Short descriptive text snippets
=== Section Start ===
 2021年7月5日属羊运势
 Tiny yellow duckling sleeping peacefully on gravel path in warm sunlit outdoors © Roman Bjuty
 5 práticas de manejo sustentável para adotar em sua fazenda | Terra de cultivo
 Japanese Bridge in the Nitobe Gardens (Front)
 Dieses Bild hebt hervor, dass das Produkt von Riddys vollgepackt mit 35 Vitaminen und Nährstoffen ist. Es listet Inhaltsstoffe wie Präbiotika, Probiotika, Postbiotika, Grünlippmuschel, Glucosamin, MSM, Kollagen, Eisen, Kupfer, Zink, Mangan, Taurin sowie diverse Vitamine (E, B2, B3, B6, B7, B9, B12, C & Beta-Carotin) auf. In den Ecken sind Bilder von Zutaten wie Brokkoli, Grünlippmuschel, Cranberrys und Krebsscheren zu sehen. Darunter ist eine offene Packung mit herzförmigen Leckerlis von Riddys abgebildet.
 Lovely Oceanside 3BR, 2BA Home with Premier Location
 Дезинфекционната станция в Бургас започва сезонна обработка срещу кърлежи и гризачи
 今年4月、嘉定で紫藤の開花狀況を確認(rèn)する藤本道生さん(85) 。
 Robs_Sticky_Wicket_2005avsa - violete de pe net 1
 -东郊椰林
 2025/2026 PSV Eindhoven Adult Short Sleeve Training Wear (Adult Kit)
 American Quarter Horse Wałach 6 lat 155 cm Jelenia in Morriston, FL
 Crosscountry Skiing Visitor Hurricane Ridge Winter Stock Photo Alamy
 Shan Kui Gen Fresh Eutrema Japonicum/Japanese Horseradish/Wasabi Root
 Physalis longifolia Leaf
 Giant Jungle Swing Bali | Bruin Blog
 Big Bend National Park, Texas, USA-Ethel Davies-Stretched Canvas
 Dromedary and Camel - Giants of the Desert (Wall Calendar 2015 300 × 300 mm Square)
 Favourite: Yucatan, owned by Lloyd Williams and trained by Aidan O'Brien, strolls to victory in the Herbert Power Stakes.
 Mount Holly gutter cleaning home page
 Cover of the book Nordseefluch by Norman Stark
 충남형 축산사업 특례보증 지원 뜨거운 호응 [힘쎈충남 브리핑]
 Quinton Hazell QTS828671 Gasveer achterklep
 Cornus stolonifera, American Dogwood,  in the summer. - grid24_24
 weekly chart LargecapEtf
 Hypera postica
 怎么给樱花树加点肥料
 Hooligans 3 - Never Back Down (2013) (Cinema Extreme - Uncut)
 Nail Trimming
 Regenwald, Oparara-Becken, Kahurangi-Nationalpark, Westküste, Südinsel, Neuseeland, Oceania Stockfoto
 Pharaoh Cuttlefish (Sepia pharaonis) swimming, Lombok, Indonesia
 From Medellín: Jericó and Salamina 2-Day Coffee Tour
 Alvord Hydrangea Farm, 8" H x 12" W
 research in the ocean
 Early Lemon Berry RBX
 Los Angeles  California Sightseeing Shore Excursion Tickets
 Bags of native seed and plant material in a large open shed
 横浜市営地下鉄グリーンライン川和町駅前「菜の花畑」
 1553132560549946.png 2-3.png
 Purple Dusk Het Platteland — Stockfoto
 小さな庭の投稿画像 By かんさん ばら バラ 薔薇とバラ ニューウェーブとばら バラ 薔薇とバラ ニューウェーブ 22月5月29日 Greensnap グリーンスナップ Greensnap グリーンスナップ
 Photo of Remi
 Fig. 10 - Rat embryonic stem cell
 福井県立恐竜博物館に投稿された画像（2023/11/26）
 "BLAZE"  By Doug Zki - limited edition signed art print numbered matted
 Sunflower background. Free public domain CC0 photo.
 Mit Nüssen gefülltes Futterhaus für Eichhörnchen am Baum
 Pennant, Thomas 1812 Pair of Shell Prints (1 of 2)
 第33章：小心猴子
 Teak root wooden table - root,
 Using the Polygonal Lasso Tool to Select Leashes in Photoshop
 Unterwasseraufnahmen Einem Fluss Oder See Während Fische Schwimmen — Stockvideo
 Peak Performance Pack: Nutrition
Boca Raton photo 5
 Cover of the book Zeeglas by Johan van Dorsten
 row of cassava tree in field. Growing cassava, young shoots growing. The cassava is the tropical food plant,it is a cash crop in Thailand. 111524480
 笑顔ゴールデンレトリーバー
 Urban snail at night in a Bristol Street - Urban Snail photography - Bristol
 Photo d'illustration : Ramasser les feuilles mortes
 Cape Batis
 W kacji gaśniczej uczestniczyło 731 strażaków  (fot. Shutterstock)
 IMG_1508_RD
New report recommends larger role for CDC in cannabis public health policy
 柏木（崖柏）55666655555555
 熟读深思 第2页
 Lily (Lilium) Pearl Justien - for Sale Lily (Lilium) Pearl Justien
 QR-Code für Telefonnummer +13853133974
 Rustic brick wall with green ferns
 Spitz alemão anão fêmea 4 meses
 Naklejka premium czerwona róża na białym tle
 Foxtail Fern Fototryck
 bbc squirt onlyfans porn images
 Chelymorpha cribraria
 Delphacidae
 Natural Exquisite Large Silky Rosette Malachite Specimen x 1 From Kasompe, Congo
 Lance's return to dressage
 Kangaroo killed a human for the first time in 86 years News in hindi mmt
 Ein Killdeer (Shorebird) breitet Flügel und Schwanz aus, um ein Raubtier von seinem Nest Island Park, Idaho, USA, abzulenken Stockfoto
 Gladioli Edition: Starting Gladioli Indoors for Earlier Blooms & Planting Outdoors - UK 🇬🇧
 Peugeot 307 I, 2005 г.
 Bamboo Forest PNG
=== Section End ===
BRIEF
Note every line of the records that holds the word "Cover", and copy it.

RESPONSE TO THIS TASK
 Cover of the book Nordseefluch by Norman Stark
 Cover of the book Zeeglas by Johan van Dorsten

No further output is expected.